RE: waiting for e5-2699 v4 price drops... Don't hold your breath. Every "top tier chip" will always demand a premium on eBay over one or two steps down. It will always be like 150% or 200% the price of just dropping one or two models down. Case in point:

E5-2699 V4 (22C/44T) right now around $450-ish (non-China)?
E5-2698 V4 (20C/40T @ 2.1) ~$250
E5-2697 V4 (18C/36T @2.1) ~$200

RE: ES/QS versions of these chips... I am now banning any and all ES/QS chips from my life, never again. ES/QS chips were the only way I could afford V1/V2/V3/V4 over the years because back in 2014, there was no way I was going to pay $2000 for a CPU where I could China an ES version for $400.

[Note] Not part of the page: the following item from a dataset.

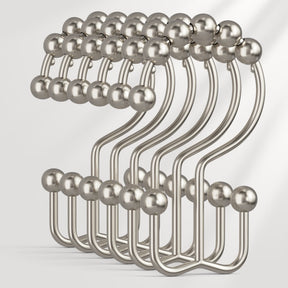 AmazerBath nickel metal double shower curtain hooks with smooth roller balls, modern style, set of 12.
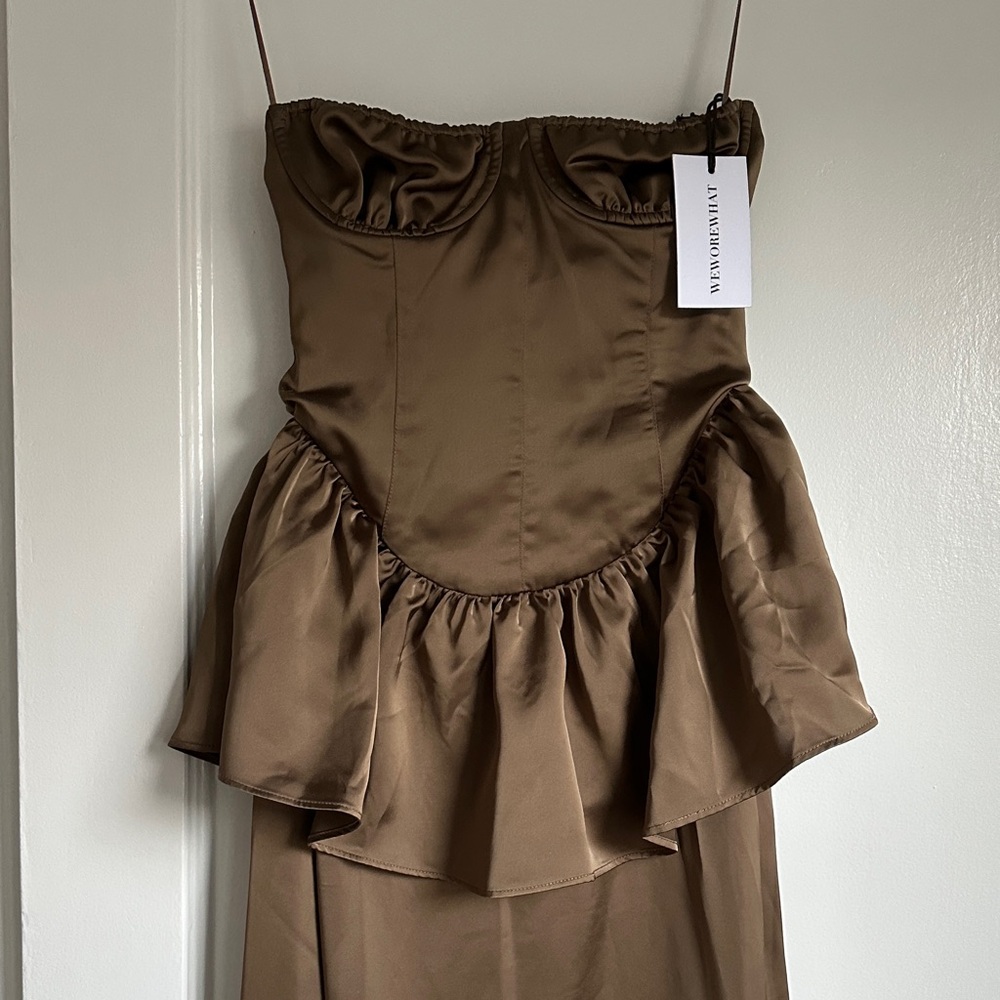 WeWoreWhat Brown Strapless Wedding Dress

To this day, I have 7 or 8 ES chips that are... Just not right. Odd random full system freeze/lockups, occasional memory errors, etc. The amount of trouble these ES chips have caused me, thinking, "It can't be the chips. has to be the motherboard. the bios. ok, i'll try beta bios. ok, has to be lsi controllers. nope, has to be the chassis. missing a ground... etc etc" years of frustration and too much money, never suspecting the ES chips.

Then I got a deal on eBay for the exact models of a couple of the ES chips in a dual system I was using, but in retail form. 100% stability! i mean, I haven't rebooted the server in almost 2 years. I have even put in my old big memory kit I thought was unstable, and it's just fine now! I am even taxing the machine far harder now, and even added another 14 drives. Zero issues.

IMO, stay away from ES/QS chips. Especially for how cheap you can get some of these retail chips.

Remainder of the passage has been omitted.